A semana passada, como em outras tantas, por imperativos profissionais, tive de me deslocar a Lisboa, não como o faço outras vezes a comarcas portuguesas, mas para resolver assuntos administrativos que só aí podiam ser tratados, fruto de um excessivo centralismo que ainda vem de tempos antigos. Não fui à cidade, mas à capital!
Não digo isto com um toque de provincianismo, sempre fui recebido com normalidade e indiferenciadamente nas pequenas e grandes cidades do mundo. O que refiro é que continuam a ser imensos os assuntos concentrados na cidade do Tejo.
Recupero “A Capital” de Eça de Queiroz e esse Artur Corvelo que vive imerso em leituras e idealizações, desprezando a mediocridade da vida provinciana, sustentado pelas mulheres da casa, sem trabalho fixo e nunca publicando nada de significativo. Quando finalmente consegue ir para Lisboa, espera que a cidade lhe abra portas para o sucesso literário. Mas a realidade é bem diferente. Lisboa não o acolhe como ele imaginava. Artur enfrenta dificuldades financeiras, isolamento social e o desprezo do meio intelectual, perdido numa cidade que é, na verdade, dominada por jogos de aparência, vaidade e superficialidade – exatamente o que Eça de Queirós critica com mordacidade. Os sonhos vão, um a um, sendo transpostos para banalidades quotidianas – o seu livro é um fracasso de vendas, o seu génio não se distingue e o reconhecimento pessoal é uma anedota –, depressa perdem a prioridade no seu dia-a-dia preenchido de frivolidade citadina. Quando o dinheiro da herança acaba é obrigado a vender alguns fatos para a passagem de comboio para o regresso a casa, onde fruto da sua vinda de Lisboa, “gozou então alguns dias de celebridade” e até “Na missa, na Praça, era muito observado”, sendo que “a sua hora triunfante era na Corcovada”, onde “Tinha um lugar reservado, a que se chamava a mesa do Artur”. Mas o que importa mais reter, é que a crítica não é só aos males da sociedade lisboeta, mas também ao provincianismo e ao idealismo vazio.
São assinaláveis as diferenças entre a época e a atualidade. Já ninguém se deslumbra com o homem vindo da capital, nem sequer proveniente de Londres ou Nova York. Mas que tudo o que é decisivo para o país se joga em Lisboa, não parece haver dúvidas.

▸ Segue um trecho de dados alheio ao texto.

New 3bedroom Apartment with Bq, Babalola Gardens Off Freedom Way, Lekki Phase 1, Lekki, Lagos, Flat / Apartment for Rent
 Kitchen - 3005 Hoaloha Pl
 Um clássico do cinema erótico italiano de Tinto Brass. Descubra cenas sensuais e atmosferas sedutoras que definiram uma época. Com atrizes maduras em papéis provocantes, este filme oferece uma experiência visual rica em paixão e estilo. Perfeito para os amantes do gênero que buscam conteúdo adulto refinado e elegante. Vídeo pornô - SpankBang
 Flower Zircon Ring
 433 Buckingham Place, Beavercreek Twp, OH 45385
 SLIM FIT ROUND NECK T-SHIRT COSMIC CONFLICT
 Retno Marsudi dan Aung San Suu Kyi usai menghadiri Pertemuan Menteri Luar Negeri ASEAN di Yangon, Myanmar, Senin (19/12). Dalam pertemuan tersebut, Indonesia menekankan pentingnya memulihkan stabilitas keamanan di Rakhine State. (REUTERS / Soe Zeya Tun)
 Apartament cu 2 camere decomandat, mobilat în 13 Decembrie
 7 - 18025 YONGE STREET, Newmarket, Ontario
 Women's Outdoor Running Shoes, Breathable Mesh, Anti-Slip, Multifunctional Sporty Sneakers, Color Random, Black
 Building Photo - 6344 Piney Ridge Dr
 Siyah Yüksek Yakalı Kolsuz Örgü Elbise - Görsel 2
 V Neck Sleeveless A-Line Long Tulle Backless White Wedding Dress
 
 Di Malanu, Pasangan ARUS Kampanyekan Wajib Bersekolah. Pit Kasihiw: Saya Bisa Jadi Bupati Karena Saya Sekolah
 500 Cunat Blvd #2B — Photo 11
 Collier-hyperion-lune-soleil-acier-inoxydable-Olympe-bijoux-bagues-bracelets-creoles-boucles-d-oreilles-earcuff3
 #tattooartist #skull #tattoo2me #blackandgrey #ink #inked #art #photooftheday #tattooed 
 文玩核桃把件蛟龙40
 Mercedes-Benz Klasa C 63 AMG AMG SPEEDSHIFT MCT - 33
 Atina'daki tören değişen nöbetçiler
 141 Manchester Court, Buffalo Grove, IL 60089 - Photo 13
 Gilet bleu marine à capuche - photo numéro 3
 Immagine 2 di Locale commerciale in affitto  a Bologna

Na passada segunda-feira foi publicado em Diário da República o Decreto da Presidência do Conselho de Ministros, que fixou o dia 12 de outubro de 2025 para as eleições gerais para os órgãos representativos das autarquias locais. Se hoje se esbateu a diferença entre as grandes e as pequenas cidades, se atualmente se aproximou o nível de qualidade de vida e de conforto, no acesso à saúde, educação e habitação, tudo se deve ao poder local.
A relação de proximidade entre o cidadão e o político assume peculiar dimensão na municipalidade e na freguesia. A ligação no quotidiano com o poder local é muita mais efetiva do que com o poder central. O presidente da Câmara designa normalmente um dia semanal para receber os munícipes e o presidente da Junta de Freguesia é contatado a qualquer dia na rua ou na Junta. Com o primeiro-ministro isso não é possível. É indubitavelmente uma das grandes conquistas do 25 de abril. Não há democracia sem um poder local forte, autónomo e eleito diretamente pelos cidadãos locais.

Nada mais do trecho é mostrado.